V91.07XA – Burn due to water skis on fire
Y93.D1 – Stabbed while knitting or crocheting.
Y92.146 – Hurt at prison swimming pool
T63 – Unspecified event, undetermined intent (to be specific)
Some of the ICD-10 codes bring to mind weird and wacky laws that have outlived their usefulness, but have never been removed from the books. It bears remembering that while some codes were developed to address potential problems and injuries of the future as technology advances, many of the codes currently exist because a particular situation actually happened to someone, somewhere, sometime…

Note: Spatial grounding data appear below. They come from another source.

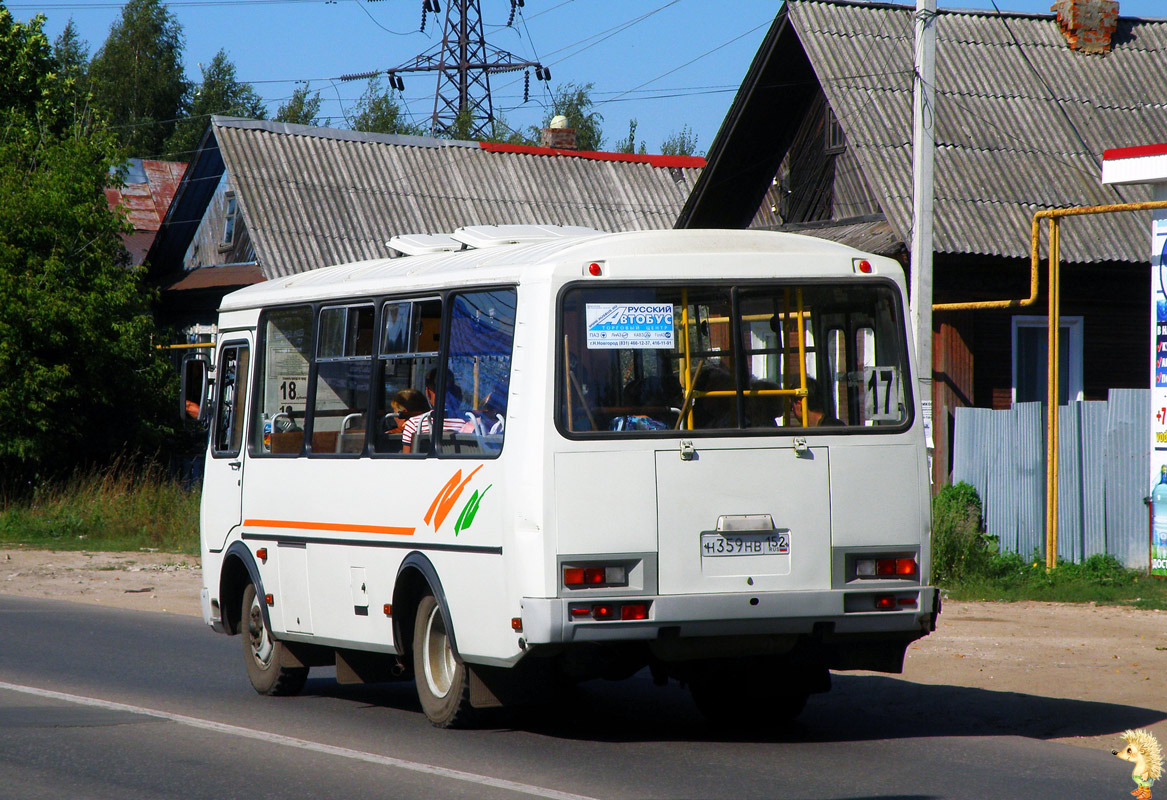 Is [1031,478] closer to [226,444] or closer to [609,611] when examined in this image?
[226,444]

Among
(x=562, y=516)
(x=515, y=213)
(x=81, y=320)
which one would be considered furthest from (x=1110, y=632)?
(x=515, y=213)

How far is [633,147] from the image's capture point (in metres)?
76.5

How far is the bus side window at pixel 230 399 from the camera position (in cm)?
1078

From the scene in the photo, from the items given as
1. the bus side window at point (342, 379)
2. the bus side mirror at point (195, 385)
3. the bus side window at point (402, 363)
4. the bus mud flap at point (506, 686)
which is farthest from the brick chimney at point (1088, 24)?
the bus mud flap at point (506, 686)

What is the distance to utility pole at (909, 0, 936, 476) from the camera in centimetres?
1488

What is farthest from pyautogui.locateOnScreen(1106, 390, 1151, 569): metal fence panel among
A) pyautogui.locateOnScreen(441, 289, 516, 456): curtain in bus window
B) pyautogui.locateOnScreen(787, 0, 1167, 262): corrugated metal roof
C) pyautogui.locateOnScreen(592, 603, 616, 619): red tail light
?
pyautogui.locateOnScreen(592, 603, 616, 619): red tail light

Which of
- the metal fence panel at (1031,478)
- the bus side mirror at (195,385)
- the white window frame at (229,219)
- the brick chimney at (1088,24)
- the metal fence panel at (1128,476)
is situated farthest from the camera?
the white window frame at (229,219)

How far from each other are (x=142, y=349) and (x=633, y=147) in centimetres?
5044

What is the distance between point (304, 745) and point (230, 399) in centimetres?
346

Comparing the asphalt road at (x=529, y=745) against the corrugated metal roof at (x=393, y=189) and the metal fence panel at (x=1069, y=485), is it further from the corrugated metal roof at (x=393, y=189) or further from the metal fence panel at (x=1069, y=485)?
the corrugated metal roof at (x=393, y=189)

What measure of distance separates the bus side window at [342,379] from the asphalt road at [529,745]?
65.5 inches

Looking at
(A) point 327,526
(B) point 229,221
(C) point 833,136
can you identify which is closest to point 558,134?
(B) point 229,221

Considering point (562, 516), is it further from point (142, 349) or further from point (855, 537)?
point (142, 349)

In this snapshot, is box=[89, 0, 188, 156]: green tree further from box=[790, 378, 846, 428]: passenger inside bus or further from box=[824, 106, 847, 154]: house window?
box=[790, 378, 846, 428]: passenger inside bus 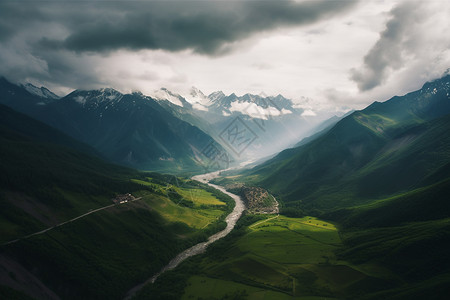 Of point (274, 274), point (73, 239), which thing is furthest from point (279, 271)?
point (73, 239)

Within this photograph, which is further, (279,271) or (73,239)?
(73,239)

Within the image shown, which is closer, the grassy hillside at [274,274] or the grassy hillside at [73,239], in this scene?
the grassy hillside at [274,274]

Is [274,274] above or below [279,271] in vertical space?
above

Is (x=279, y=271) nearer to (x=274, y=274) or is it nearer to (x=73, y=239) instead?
(x=274, y=274)

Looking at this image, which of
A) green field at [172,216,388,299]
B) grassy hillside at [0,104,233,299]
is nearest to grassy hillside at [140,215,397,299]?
green field at [172,216,388,299]

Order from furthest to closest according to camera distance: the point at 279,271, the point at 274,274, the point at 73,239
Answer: the point at 73,239, the point at 279,271, the point at 274,274

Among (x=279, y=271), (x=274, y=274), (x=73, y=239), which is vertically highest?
(x=73, y=239)

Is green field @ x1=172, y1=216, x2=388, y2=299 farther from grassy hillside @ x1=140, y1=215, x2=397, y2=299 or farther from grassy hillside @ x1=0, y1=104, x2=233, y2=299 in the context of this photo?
grassy hillside @ x1=0, y1=104, x2=233, y2=299

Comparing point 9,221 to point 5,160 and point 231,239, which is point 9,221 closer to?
point 5,160

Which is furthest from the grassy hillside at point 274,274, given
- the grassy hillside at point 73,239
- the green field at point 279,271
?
the grassy hillside at point 73,239

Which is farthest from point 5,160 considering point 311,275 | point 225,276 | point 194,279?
point 311,275

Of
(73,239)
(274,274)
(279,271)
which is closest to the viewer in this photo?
(274,274)

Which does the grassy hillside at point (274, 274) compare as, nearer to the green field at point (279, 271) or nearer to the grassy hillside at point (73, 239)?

Coding with ICD-10 will offer some interesting experiences for clinicians. Practitioners must keep in mind that they need to bill at the highest level whenever possible. That means taking extra time if necessary to track down the correct codes for optimal billing. Getting the codes right will mean the difference between getting reimbursed and delayed payments.

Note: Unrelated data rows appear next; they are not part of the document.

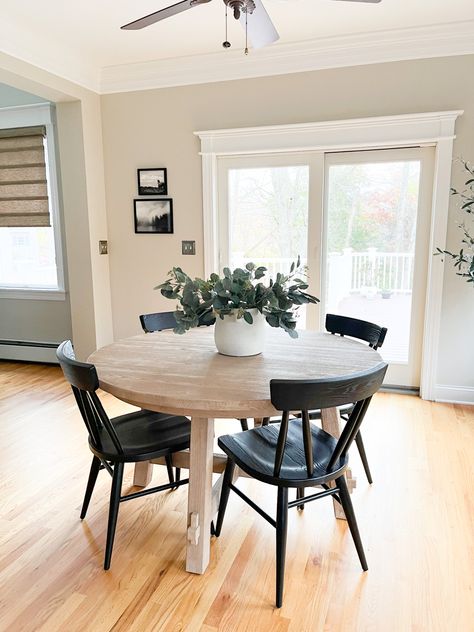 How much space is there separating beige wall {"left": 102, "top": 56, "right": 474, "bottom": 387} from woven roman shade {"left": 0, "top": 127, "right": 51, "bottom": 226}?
2.46ft

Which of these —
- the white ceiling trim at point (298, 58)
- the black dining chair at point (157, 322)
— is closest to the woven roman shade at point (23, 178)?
the white ceiling trim at point (298, 58)

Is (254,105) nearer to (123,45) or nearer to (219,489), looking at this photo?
(123,45)

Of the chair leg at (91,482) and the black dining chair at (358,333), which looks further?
the black dining chair at (358,333)

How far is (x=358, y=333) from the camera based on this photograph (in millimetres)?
2469

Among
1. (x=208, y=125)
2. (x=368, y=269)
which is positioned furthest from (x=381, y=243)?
(x=208, y=125)

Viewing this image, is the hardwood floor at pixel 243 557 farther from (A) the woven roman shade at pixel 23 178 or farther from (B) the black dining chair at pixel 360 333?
(A) the woven roman shade at pixel 23 178

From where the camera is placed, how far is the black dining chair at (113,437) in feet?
5.45

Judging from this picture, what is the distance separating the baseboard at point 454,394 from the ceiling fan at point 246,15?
2.65 meters

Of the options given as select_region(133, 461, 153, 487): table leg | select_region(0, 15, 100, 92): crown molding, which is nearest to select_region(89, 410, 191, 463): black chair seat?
select_region(133, 461, 153, 487): table leg

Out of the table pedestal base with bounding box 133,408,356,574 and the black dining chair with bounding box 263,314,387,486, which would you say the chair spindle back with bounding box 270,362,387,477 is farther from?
the black dining chair with bounding box 263,314,387,486

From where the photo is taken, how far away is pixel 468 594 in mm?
1663

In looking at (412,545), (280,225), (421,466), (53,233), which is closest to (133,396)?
(412,545)

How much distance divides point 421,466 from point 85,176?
3326 millimetres

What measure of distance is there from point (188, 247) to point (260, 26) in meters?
1.98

The following is an example of the type of coding required to provide premium treatment for the patient and optimal reimbursement for the clinician.
Mrs. Smith was riding her horse through an orchard road adjoining her property. Her two siblings were riding their horse with her. As she neared an irrigation pond on the property, a Canadian goose flew up and startled one of the other horses. The second horse whirled to put his rump toward the “threat” and lashed out with both back hooves. One hoof struck Mrs. Smith on the tailbone causing immediate pain. The injury happened two weeks prior and she still experiences pain, along with numbness at the tailbone, radiating 3-4 inches in all directions from the site of the injury. Over the counter medications offer no relief. Past medical history is unremarkable. She followed up with her primary care physician who referred her to physical therapy. Patient indicates no x-rays or other diagnostic tests have been done.

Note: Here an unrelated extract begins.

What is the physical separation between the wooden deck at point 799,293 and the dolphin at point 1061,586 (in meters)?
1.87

Patient is 5 feet tall and weighs 120 lbs. Blood pressure is 120/70, pulse rate 72 and respiratory rate is 16. She has full strength and function in all muscle groups, but now walks slowly and hunched over. Has pain upon walking, sitting and reclining. Range of movement is normal but patient complains of pain upon movement and examination. Special tests: X-ray.
Exam/x-ray shows bruising, swelling and fracture of the coccyx. Treatment is to rest and to address pain. Postural exercises and home exercise for continued mobility.
Y93.52 – Horseback riding, describes the activity at the time of the injury
W55.12XA – Struck by horse, describes what caused the injury
532.2XXA – Fracture of coccyx, initial encounter for closed fracture, describes the anatomical area where the injury is located and indicates this is a first time injury
R26.2 – Describes the symptom of the injury (constant pain and difficulty walking, sitting and reclining)
Clinicians know that ICD-10 codes are much more specific, but part of the learning curve will be wading through massive numbers of potential codes to arrive at the options that best suit the injury or need. The new codes include activities ranging from gardening and pollen reactions to knitting and running into a lamp post, complete with initial and subsequent encounters. It’s unlikely that therapists will require the codes for those potential incidents, but it points out the increased specificity of the new codes.
One of the challenges that practitioners will face is the sheer volume of data contained in the new code sets. GEMs provide a partial solution, but in an effort to stamp out fraud and save money, clinicians are now being inundated with too much information. GEMs, EMRs and other software can sort through data quickly and provide potential solutions, but they can’t make decisions about what to display for a given situation.
The final decision on which codes to utilize will ultimately fall upon the practitioner. GEMs and other computerized solutions can present the possibilities, but it will be the clinician’s practical experience and understanding of ICD-10 to code accurately and profitably.